Compute Resource Recommendations
Sombra Instances are largely stateless, meaning they can easily be scaled both vertically and horizontally. Sombra is built to be resilient to downtime in many use cases such as data mapping and data privacy requests, though there are also cases like Preference Management where Sombra uptime is critical for proper handling of synchronous user requests.
This document will discuss the minimum requirements to get started with running Sombra, and will also include recommendations for how to scale out Sombra to meet your needs.
The bare minimum requirements for Sombra to be able to run and handle requests is about 4GB of RAM. We recommend starting with around 2 virtual CPUs on cloud systems for efficient startup times and process handling.
If using the LLM Cluster, you'll need to use a GPU-enabled server and will want to give at least 8GB of RAM to the service.
Our recommended hosting options, such as our Kubernetes Helm chart or our AWS ECS Fargate Terraform module, will specify autoscaling configurations for you, though you can always adjust the limits. Due to Sombras ability to scale either horizontally or vertically, you have many options on how to handle this scaling.
Here is an example an autoscaling configuration in our Sombra Helm chart.
Using a proper autoscaling configuration can help ensure that Sombra servers are highly available, but that your costs scale properly with your usage.
- Our primary recommendation for production is to use autoscaling with high, but bounded, upper limits on resource usage.
- We recommend always having at least two Sombra instances running for high availability. Preferrably, these instances would be in separate geographic locations such as different availability zones within an AWS region.

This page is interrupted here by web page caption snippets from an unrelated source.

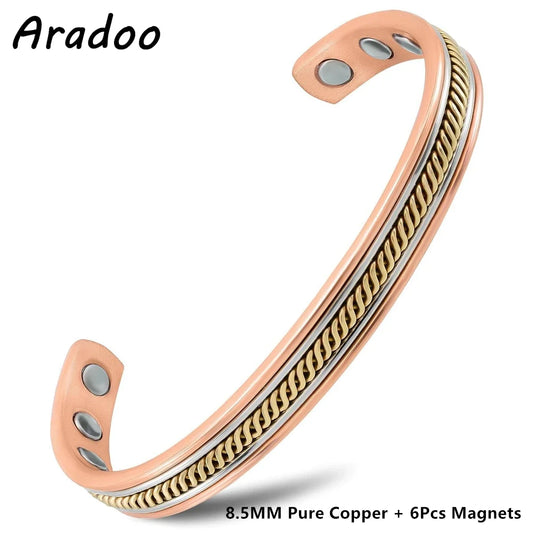 ARADOO-Pulseira Ajustável De Cobre Para Mulheres, 99,9% De Cobre Puro, Pulseira De Punho, Presentes De Jóias
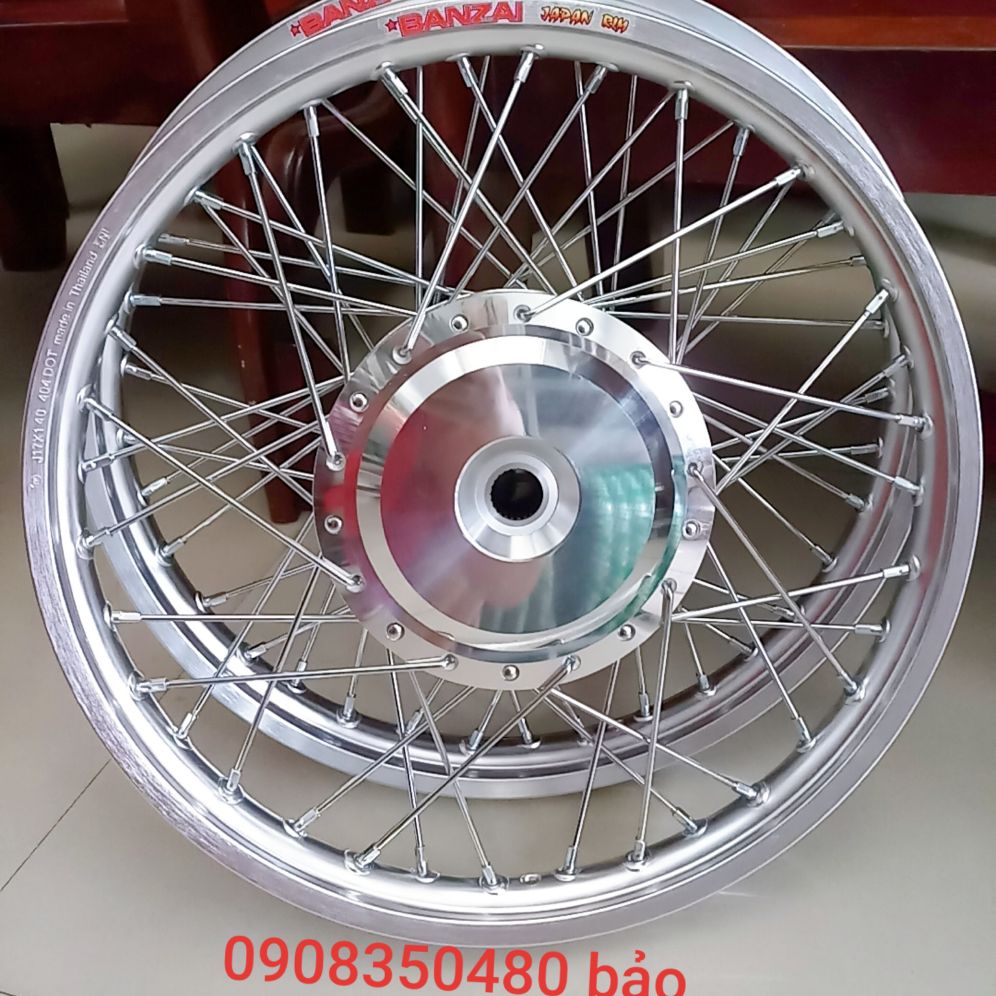 Bánh căm VARIOO CLICK THÁI ARI BLAED và VISON căm đùm mạ crom niềng nhôm BANZAI niềng size 17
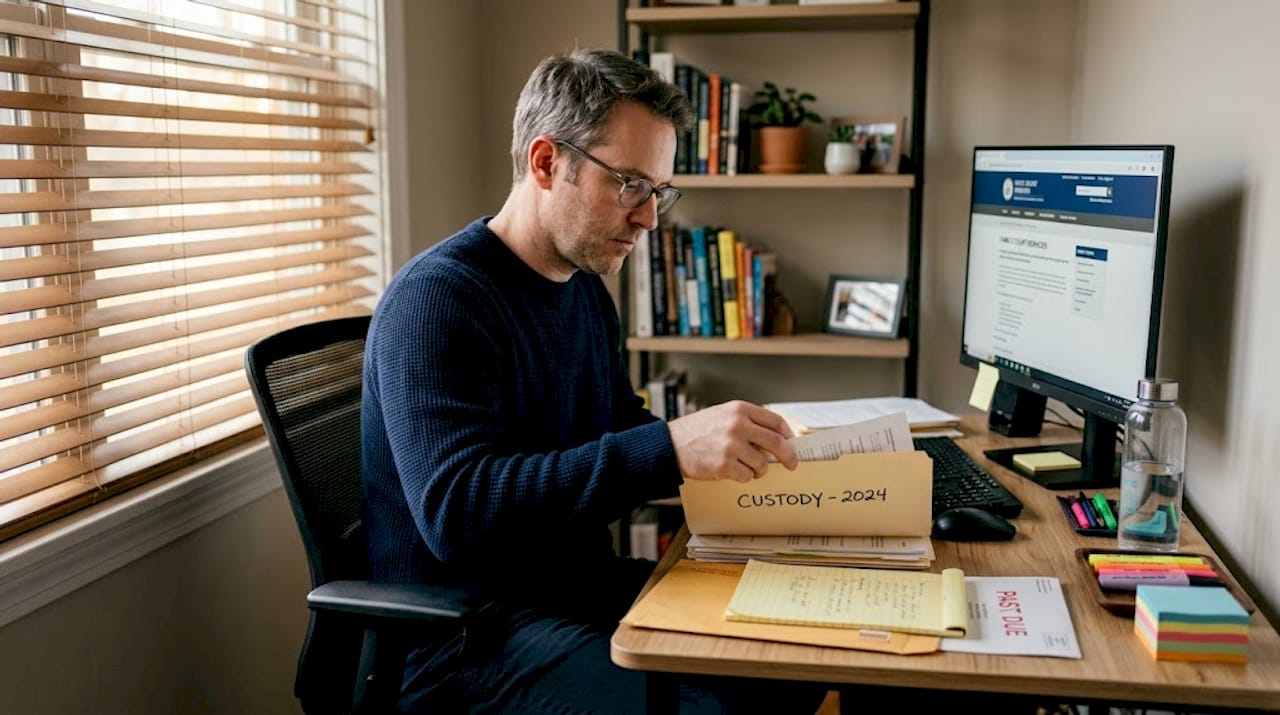 Father organizing custody documents at home office
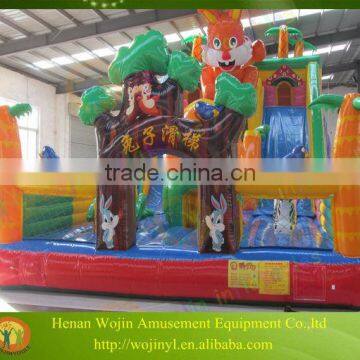 2016 henan inflatable rabbit bouncy castle/inflatable bouncer slide for sale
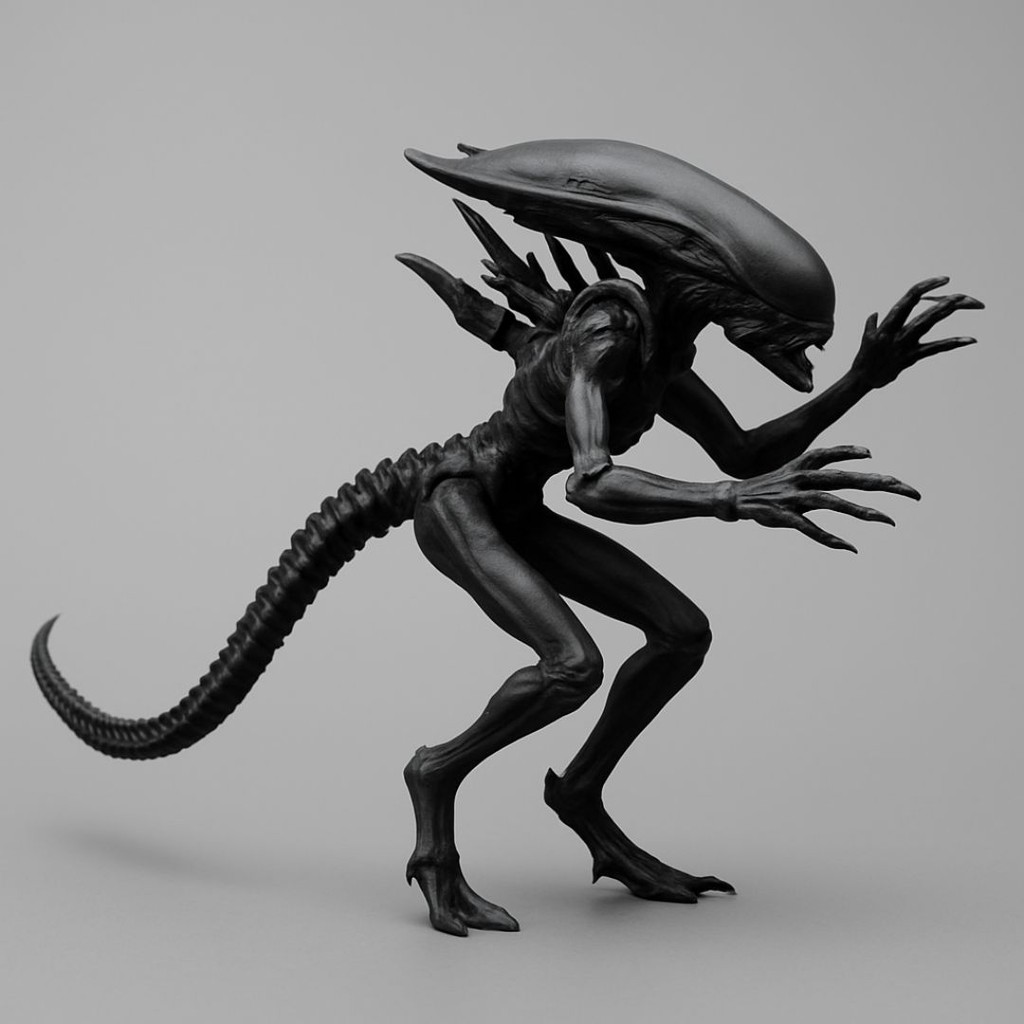 Figura de Ação Alien Xenomorfo Clássico Sci-Fi Terror Geek Gamer Detalhado Extraterrestre UFO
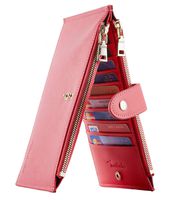 Travelambo Womens Walllet RFID Blocking Bifold Multi Card Case Wallet with Zipper Pocket (CH Red Light 2134)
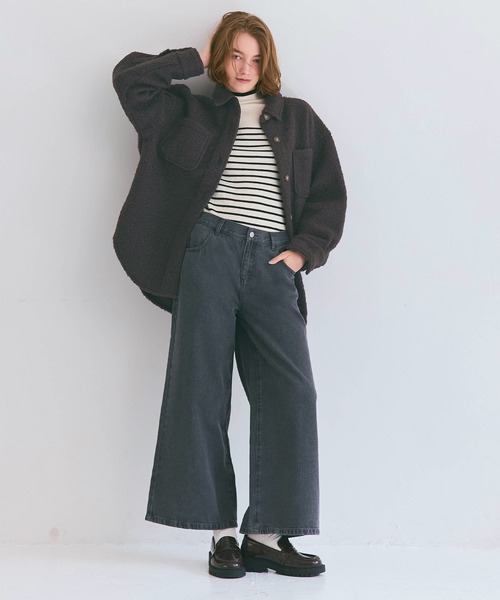 coca（coca）（コカ）の「プードルボアジャケット（ブルゾン・レディース・ホワイト/ブラウン・S/M/L）」の3枚目の写真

- For products like data mapping and privacy request automation, you can start with the minimum recommended usage and just scale up as you see errors happening. If your Sombra instances are becoming overloaded, you will start to see 500 errors related to the integration plugins showing up in your action items. the plugins will retry automatically, and you can just increase the CPUs or memory to the point where those errors stop happening - our team will help provide recommendations along the way.
- We encourage you to setup monitoring on the container to get a sense if CPU or memory is the bottleneck to any given operation
- If you have high requirements for availability or want to minimize maintenance, set a high limit for the horizontal scaling target, such as having up to dozens of Sombra instances running. Very few use cases will require more than a few Sombra instances, though cases like Preference Management with billions of incoming requests per day or data mapping extremely large databases can use significant resources. With proper autoscaling setups, you will not hit these upper limits unless necessary.

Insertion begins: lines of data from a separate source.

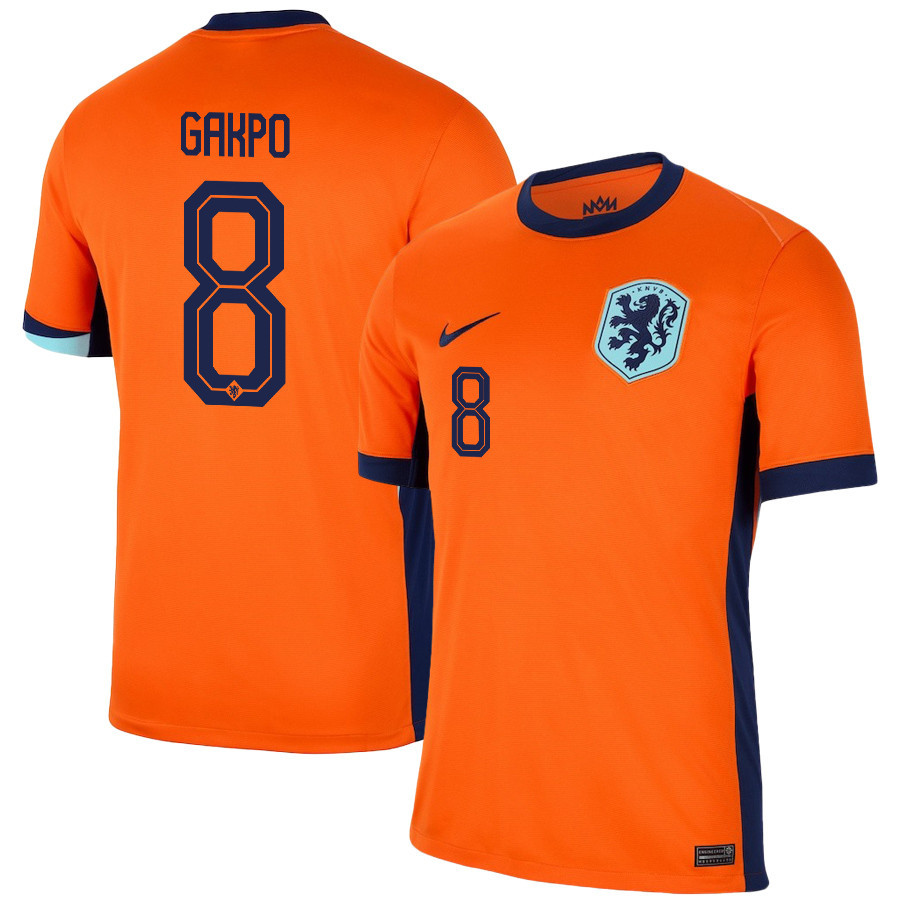 Cody Gakpo 8 Netherlands National Team 2024/25 Home Men Jersey – Orange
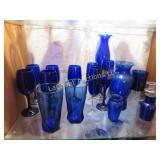 beautiful blue glassware wine vases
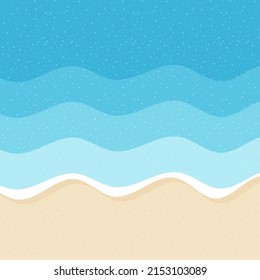 water wave and sandy beach background vector illustration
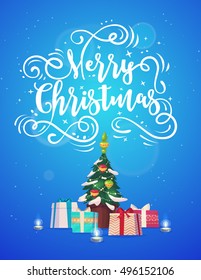 Happy New Year and Merry Christmas. With Lettering Composition xmas tree and presents. Holiday Vector Illustration.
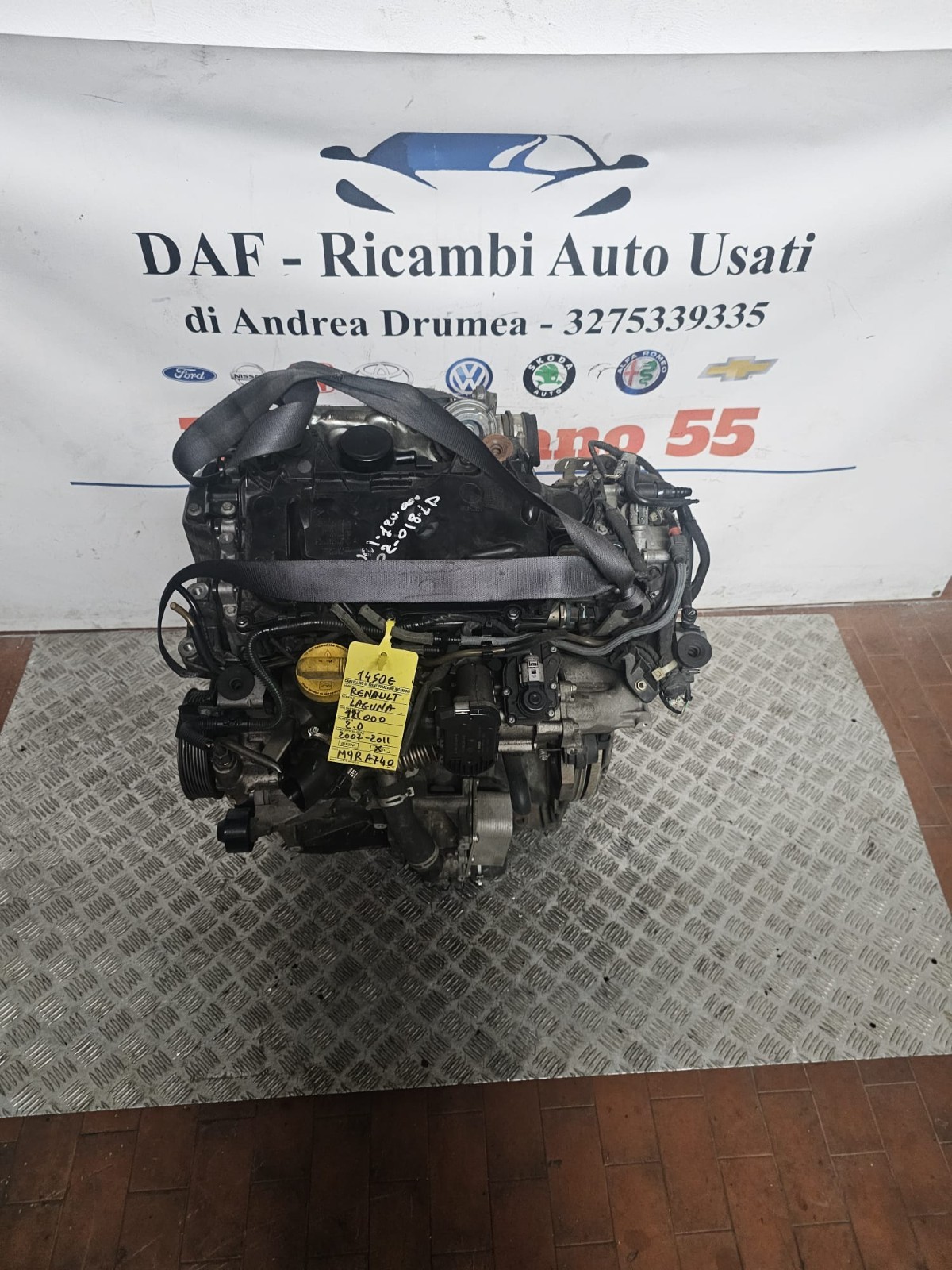 MOTORE RENAULT LAGUNA KM 121.000 2.0DIESEL 2007-2011 SIGLA M9RA740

- If you are scanning systems with large individual files, such as Google Drive, AWS S3, or certain databases, we recommend also considering vertical scaling in addition to horizontal scaling to ensure the large files can be processed. In such cases, consider 6GB or 8GB of RAM per instance.
If you have strong requirements for high availability and want to absolutely minimize maintenance resourcing, the summary is to use 8GB of RAM per instance in an autoscaling setup that scales from 2 to 20 Sombra instances, with the scale in-out trigger being based on request count per target (or memory usage is okay if it's easier in your particular environment). Such a setup will scale (with plenty of ease) for just about any production use case we have seen.